Spoiler: In den 2020er-Jahren wird es endlich so weit sein. Schlicht, weil es muss. Der Megatrend Neoökologie wird die Koordinaten unseres Wirtschafts- und Gesellschaftssystems neu ordnen und Nachhaltigkeit vom individuellen Lifestyle zur gesellschaftlichen Bewegung und vom Konsumtrend zum Wirtschaftsfaktor machen. Die Klimakrise und damit einhergehende ökologische und soziale Herausforderungen werden insbesondere das unternehmerische Denken und Handeln in seinen Grundfesten erschüttern, aber eben auch neu erfinden lassen. Unternehmen werden so zu Akteuren einer Ermöglichungswirtschaft!

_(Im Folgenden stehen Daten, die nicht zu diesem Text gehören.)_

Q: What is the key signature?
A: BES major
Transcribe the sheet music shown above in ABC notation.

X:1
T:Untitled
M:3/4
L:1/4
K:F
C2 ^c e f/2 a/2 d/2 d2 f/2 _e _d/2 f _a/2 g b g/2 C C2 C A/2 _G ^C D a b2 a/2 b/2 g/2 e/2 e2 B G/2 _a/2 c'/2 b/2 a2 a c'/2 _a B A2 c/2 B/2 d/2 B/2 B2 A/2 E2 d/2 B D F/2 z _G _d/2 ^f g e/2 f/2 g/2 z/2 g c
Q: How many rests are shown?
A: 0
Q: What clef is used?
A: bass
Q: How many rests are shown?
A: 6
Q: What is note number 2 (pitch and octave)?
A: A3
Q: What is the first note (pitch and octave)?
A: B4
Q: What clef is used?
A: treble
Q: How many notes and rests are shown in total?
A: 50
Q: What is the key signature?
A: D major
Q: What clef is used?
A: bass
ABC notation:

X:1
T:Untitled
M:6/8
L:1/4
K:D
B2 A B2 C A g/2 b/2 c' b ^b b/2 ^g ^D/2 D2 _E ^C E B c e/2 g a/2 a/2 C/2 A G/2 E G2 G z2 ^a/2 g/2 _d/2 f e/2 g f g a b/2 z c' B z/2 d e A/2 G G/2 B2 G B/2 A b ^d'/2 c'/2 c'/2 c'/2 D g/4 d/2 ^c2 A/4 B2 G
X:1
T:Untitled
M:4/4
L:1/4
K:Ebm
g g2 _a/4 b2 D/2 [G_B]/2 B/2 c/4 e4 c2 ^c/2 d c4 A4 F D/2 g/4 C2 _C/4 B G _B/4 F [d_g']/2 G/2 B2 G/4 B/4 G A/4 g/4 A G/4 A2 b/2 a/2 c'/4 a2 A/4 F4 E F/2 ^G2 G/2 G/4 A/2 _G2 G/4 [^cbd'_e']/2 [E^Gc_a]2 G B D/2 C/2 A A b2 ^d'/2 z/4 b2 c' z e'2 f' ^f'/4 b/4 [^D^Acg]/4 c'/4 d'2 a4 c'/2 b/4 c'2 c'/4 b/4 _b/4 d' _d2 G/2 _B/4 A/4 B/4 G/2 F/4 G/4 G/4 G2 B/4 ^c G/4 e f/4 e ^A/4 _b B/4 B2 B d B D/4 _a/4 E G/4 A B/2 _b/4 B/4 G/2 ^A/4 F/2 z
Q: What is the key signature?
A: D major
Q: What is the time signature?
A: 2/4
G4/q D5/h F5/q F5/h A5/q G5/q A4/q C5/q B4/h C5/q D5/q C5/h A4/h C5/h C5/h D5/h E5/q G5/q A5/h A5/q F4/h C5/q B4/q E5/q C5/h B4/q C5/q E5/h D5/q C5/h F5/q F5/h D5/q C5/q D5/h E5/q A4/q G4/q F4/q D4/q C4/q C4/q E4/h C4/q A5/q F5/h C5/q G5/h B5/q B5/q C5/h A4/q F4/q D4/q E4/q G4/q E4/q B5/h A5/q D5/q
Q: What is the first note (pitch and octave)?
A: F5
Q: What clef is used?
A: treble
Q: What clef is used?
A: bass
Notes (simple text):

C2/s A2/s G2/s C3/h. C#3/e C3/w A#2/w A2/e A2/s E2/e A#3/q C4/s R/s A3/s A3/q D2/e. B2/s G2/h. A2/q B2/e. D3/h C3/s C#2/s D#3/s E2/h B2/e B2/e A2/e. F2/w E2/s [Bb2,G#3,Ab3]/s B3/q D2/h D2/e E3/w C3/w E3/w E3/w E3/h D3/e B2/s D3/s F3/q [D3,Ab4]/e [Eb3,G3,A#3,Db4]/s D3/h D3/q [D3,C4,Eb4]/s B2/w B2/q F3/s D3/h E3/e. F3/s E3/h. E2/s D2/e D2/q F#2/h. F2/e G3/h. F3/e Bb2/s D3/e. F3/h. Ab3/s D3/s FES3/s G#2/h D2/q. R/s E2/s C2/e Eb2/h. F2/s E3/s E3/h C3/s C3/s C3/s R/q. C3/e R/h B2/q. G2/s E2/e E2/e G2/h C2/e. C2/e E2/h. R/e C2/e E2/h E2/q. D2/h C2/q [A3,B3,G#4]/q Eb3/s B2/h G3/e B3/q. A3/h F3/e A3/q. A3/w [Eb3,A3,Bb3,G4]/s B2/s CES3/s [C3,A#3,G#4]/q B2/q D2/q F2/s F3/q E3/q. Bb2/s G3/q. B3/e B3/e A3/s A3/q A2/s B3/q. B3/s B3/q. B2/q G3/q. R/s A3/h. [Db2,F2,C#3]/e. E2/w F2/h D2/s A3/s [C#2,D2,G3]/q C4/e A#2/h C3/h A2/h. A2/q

Wenn ein System zerstörerisch ist, sollte man nicht den Versuch machen, es effizienter zu gestalten. Stattdessen sollte man Möglichkeiten finden, es vollständig umzukrempeln

 

Unsere guten Vorhaben werden derzeit von einem Rebound-Effekt bedroht

Im Hinblick auf mögliche Zukunftsstrategien bedeutet dies vor allem eins: weg vom Effizienzdenken, hin zur Konsistenz und vor allem auch zur Suffizienz. Denn wie sagte der Cradle-to-Cradle-Pionier Professor Braungart bereits: „Wenn ein System zerstörerisch ist, sollte man nicht den Versuch machen, es effizienter zu gestalten. Stattdessen sollte man Möglichkeiten finden, es vollständig umzukrempeln.“ Soll heißen: Wenn etwas weniger schlecht ist, ist es noch lange nicht gut. Es bringt leider reichlich wenig, wenn beispielsweise unsere Autos und Elektrogeräte sparsamer werden, wir sie aber im gleichen Atemzug größer bauen und häufiger nutzen. Was vor allem in der Wissenschaft schon als „Rebound-Effekt“ bekannt ist, meint letztlich einfach nur, dass wir trotz Effizienzgewinnen in vielen Bereichen nicht weniger Ressourcen verbrauchen und dementsprechend nachhaltiger leben als zuvor.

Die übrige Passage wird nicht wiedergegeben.